Water is the ecosystem process ignored in the BDCP and Delta Plan. The characteristics of the water habitat in time and space are the missing element in the plans. The fish habitat that is most important is the water in Delta channels and bays, not the acreage of tidal marsh. Adding tidal marsh habitat will not fix the water habitat or provide a healthy ecosystem

The BDCP justified taking more water via the “tunnels” by offering thousands of habitat acres in return. The Delta Plan promotes these same land acreage solutions.

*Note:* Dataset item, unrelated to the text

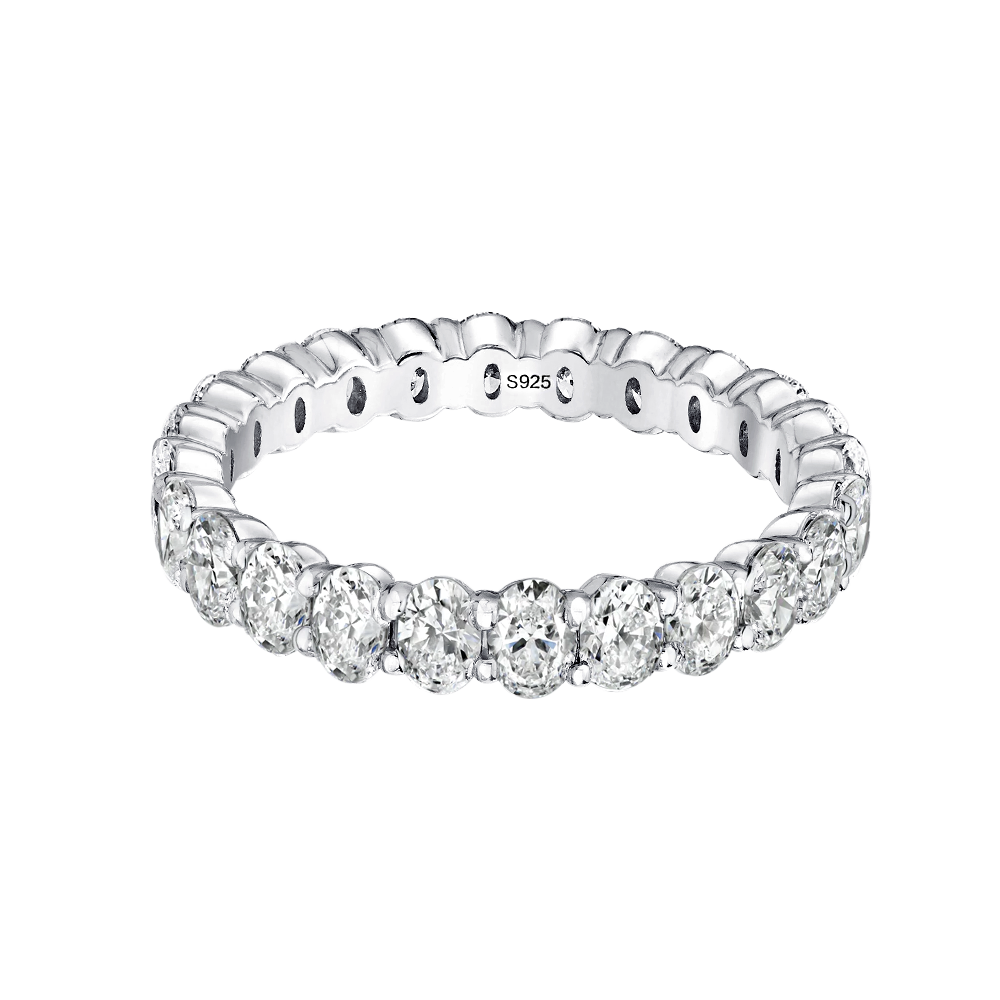 Gelovely Moissanite 3.0 Ct Oval Cut Full Wedding Band for Women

How can we really restore the Delta as habitat for smelt, salmon, steelhead, sturgeon, and other native fishes? We have to focus on Delta inflows, outflows, tides, and exports: hydrology, salinity, water temperature, and primary productivity patterns in the water habitat. The real habitat of the Delta is the three-dimensional characteristics of water in time and space. What should the water habitat be for Delta smelt when they hatch in the spring to insure good survival? How do we sustain the smelt in summer? Can they actually survive if all the Delta inflow is exported in August under relaxed standards? What happens to all the wild salmon smolts coming out of Central Valley rivers? What kind of water habitat do they need to pass through the Delta? They do not get a truck ride to and around the Delta. What is a “functional migration corridor” for them?

So instead of focusing on acreage, we should focus on the real habitat, water and all of its characteristics in time and space in the Delta, rivers, and the Bay. That way, we can promote the real ecosystem process that provides for a healthy Bay-Delta ecosystem.

The Delta Science Plan4 is just more talk and smoke and mirrors. What the Delta needs is more water and better water habitat. We do not need a new vision.